Question

How do you use the second derivative test to find the relative maxima and minima of the given $f\left( x \right)={{x}^{4}}-\left( 2{{x}^{2}} \right)+3$

Answer 1

We are said to find the relative maxima and minima using the second derivative test. So, we will start with finding the first derivative and then equal that to zero to find the points of maxima or minima. Again, we will find the second derivative to find that in which point we have maximum or in which point minimum values.

Complete step by step solution:
According to the question, we have, $f\left( x \right)={{x}^{4}}-\left( 2{{x}^{2}} \right)+3$ gives you a curve.
Here we want to find the curve's relative maxima and minima, that is, where the curve stops increasing to start decreasing or vice-versa.

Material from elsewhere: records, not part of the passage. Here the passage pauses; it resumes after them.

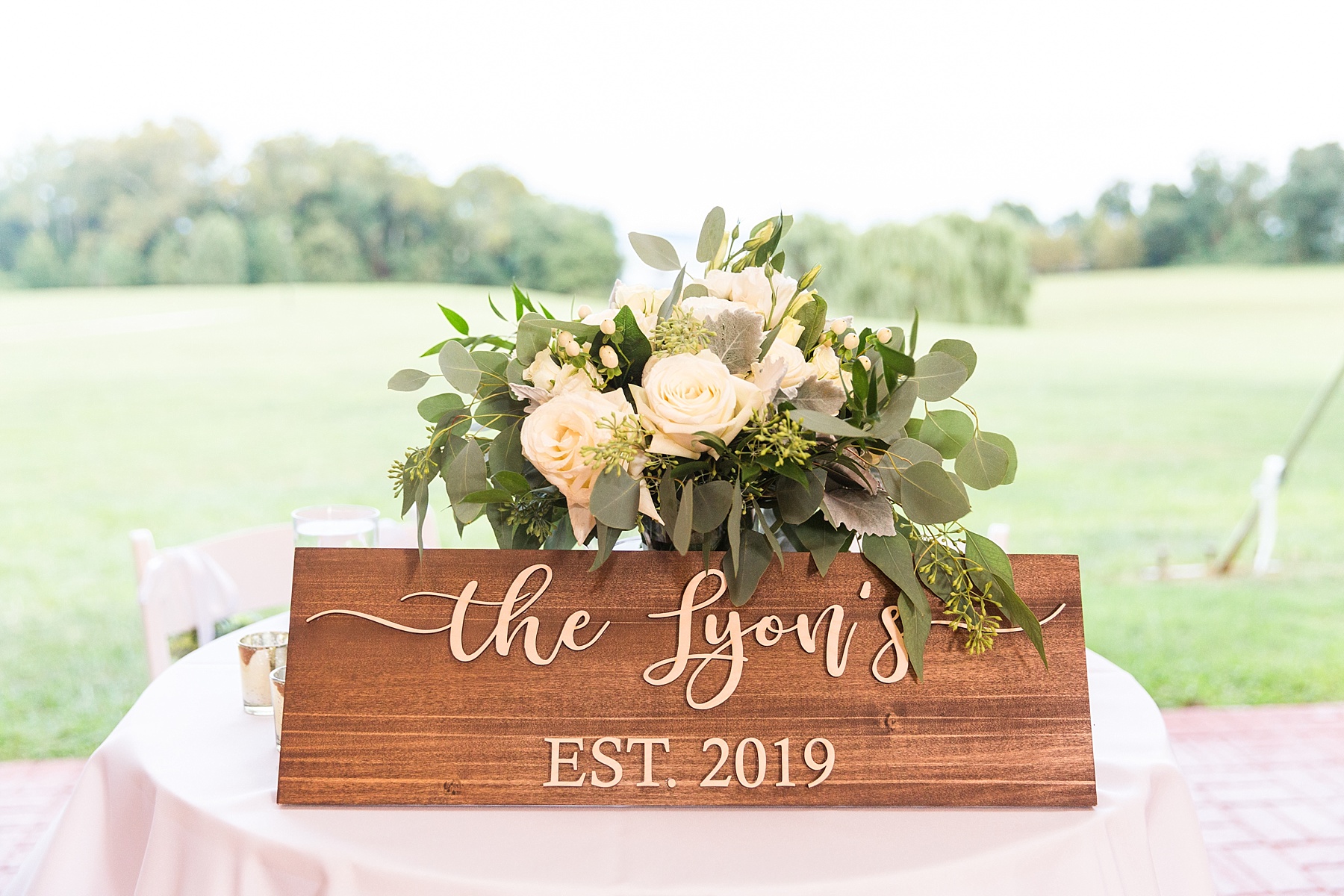 sign for newlyweds at wedding reception photographed by Alexandra Mandato Photography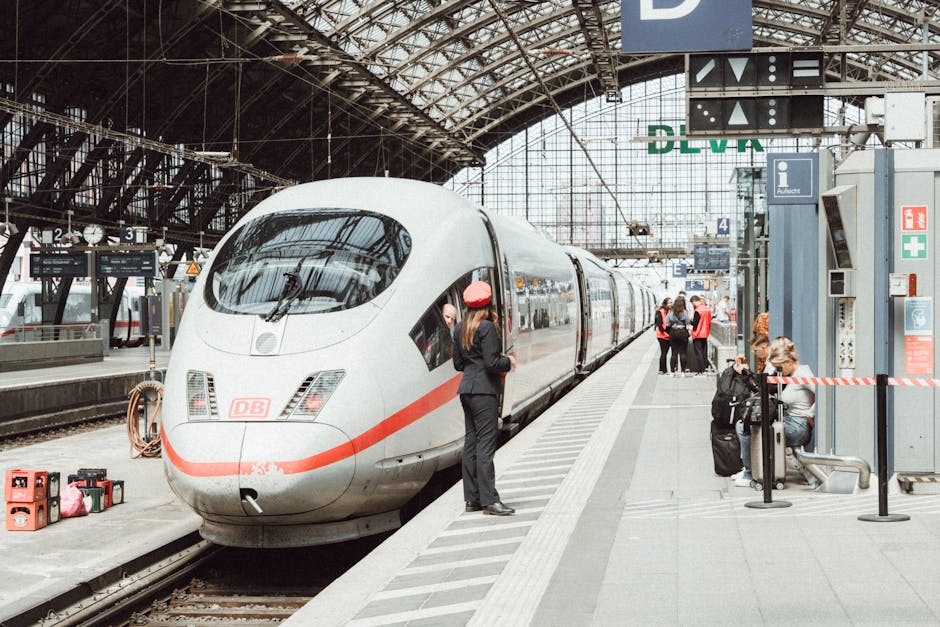 Passengers boarding a high-speed train at a modern German railway station.
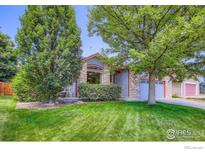 Charming single-Gathering home with stone accents, lush landscaping, and an inviting front yard at 10947 W 100Th Dr, Westminster, CO 80021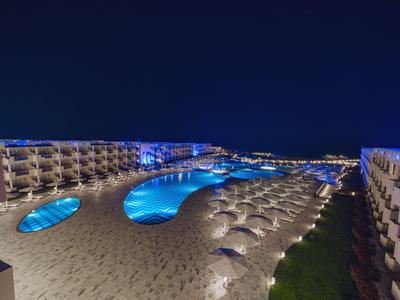 Vista di una piscina d'hotel illuminata con lettini e ombrelloni di notte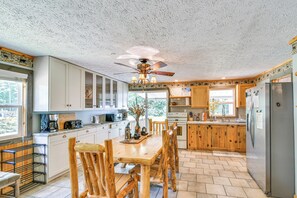 A spacious kitchen with wooden cabinets, a large island, and a ceiling fan. - Woodsy 20-acre Retreat w/ Hot Tub in Mancelona (Mancelona)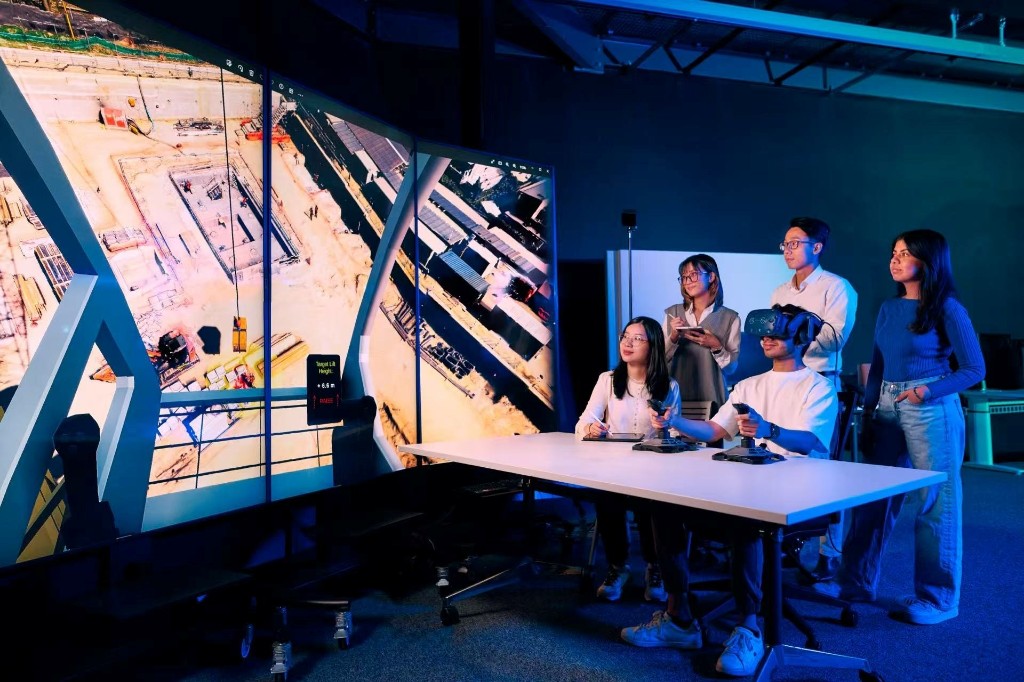 Researchers using VR and the immersive 4K screen wall for large-scale construction data visualisation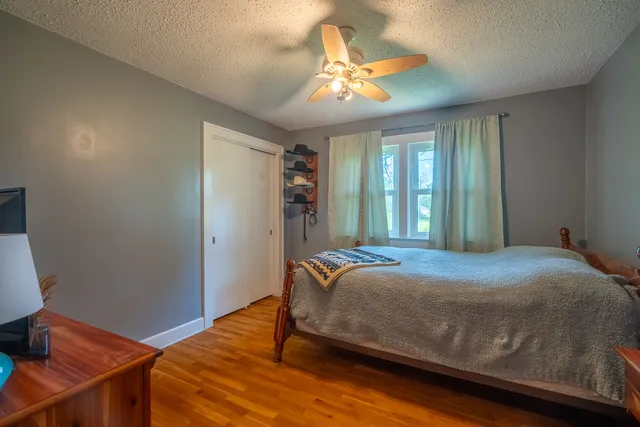 a bedroom with a bed and window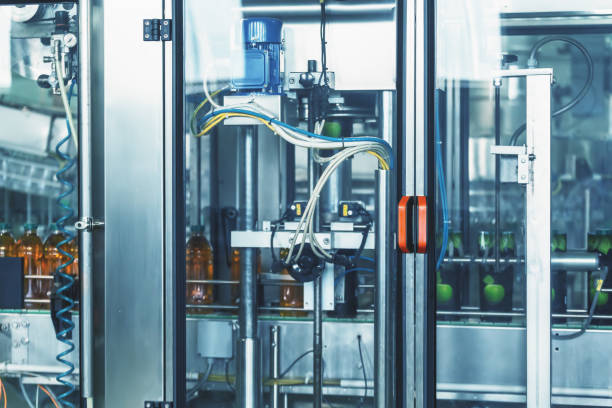 istock Automatic machine for dressing packaging for plastic bottles with drink in factory, industrial production of juices and other drinks 1310876902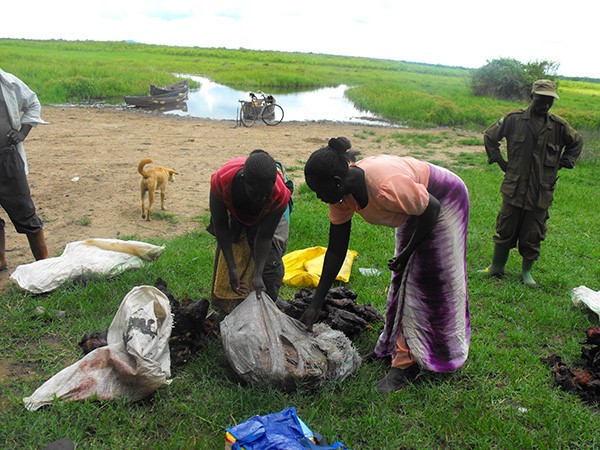 Compromised pack ranger looks on as women suppliers of bushmeat offload for sale, on the right is a hunter. (Photo/Timothy Sibasi)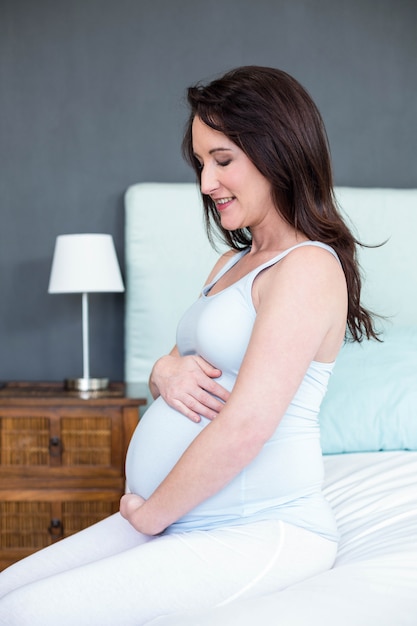 Rührender Bauch der schwangeren Frau in ihrem Schlafzimmer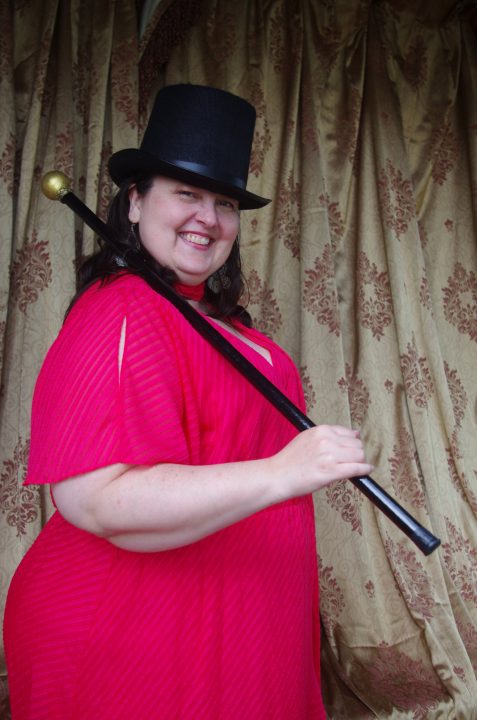 Director Kayt in a bright red dress with wearing a top hat and cane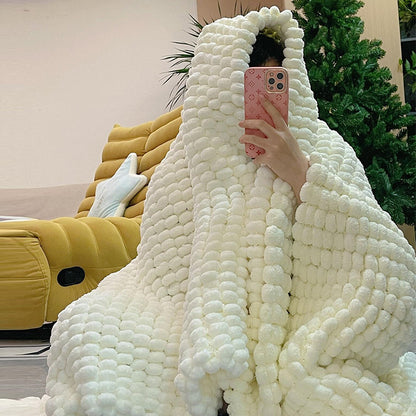 Person wrapped in a large white textured blanket with a blurred indoor background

At these points, the curve's slope will be null.
Now, to start with, we will find, $\dfrac{df}{dx}$ which gives you the variations of this curve's slope.
$\dfrac{df}{dx}=4{{x}^{3}}-4x$
Let's look for the solutions to $\dfrac{df}{dx}=0$
Thus we get, $\dfrac{df}{dx}=4{{x}^{3}}-4x=0$
$\Rightarrow 4x\left( {{x}^{2}}-1 \right)=0$
We are getting, 4x = 0 or ${{x}^{2}}-1=0$
So, from the first equation, x = 0, and second equation gives us, ${{x}^{2}}=1\Rightarrow x=\pm 1$
We have three solutions here: x = 0 ,1, -1
Now we want to know if these points are maxima or minima.
If a point is a maximum , the curve will be increasing before reaching the point and be decreasing after passing the point.
If a point is a minimum , the curve will be decreasing before reaching the point and be increasing after passing the point.
When a curve is increasing, its slope is positive.
When a curve is decreasing, its slope is negative.
So we want to know if, at a given point, the slope (first derivative) is positive gives us the minimum value of the function and negative slope gives us the maximum value of the function.
To do so, we use the second derivative now.
$\dfrac{{{d}^{2}}f}{d{{x}^{2}}}=\dfrac{d}{dx}\left( \dfrac{df}{dx} \right)$
Thus we get, $\dfrac{d}{dx}\left( \dfrac{df}{dx} \right)=\dfrac{d}{dx}\left( 4{{x}^{3}}-4x \right)=12{{x}^{2}}-4$
Now, putting the values,
For x = 0, $\dfrac{{{d}^{2}}f}{d{{x}^{2}}}=12.{{\left( 0 \right)}^{2}}-4=0-4=-4$
The slope is decreasing around 0, therefore, we have a maximum here.
For x = 1, $\dfrac{{{d}^{2}}f}{d{{x}^{2}}}=12.{{\left( 1 \right)}^{2}}-4=12-4=8$
The slope is increasing around 1, therefore, we have a minimum here.
For x = -1, $\dfrac{{{d}^{2}}f}{d{{x}^{2}}}=12.{{\left( -1 \right)}^{2}}-4=12-4=8$
The slope is increasing around - 1, therefore, we have a minimum here.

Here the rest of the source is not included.